● EXERCISE REQUIREMENTS
For the word "Used", state how many lines below contain it. Give no other text.
[AVAILABLE DATA]
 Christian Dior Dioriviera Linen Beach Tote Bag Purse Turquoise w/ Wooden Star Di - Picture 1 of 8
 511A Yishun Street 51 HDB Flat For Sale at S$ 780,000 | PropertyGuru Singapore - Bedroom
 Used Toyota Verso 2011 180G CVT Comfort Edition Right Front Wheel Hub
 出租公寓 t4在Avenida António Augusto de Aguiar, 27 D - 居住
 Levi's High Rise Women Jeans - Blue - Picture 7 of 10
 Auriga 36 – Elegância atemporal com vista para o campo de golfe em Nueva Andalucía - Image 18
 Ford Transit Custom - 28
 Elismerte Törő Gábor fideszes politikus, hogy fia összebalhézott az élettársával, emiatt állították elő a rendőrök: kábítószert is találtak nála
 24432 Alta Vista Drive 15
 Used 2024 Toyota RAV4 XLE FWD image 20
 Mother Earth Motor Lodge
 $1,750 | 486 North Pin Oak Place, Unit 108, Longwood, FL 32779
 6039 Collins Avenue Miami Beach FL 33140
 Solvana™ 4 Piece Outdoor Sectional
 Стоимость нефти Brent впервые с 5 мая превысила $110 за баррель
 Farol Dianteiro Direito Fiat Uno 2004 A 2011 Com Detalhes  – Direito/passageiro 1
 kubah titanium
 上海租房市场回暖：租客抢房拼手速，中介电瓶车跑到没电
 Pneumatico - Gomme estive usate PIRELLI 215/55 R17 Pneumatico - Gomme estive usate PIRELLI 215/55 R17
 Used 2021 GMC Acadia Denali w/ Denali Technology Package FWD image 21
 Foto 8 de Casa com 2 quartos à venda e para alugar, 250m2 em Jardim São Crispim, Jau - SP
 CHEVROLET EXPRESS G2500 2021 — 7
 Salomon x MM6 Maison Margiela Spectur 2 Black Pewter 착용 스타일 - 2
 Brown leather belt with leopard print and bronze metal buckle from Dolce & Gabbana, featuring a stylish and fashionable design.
[/AVAILABLE DATA]
● YOUR RESPONSE
3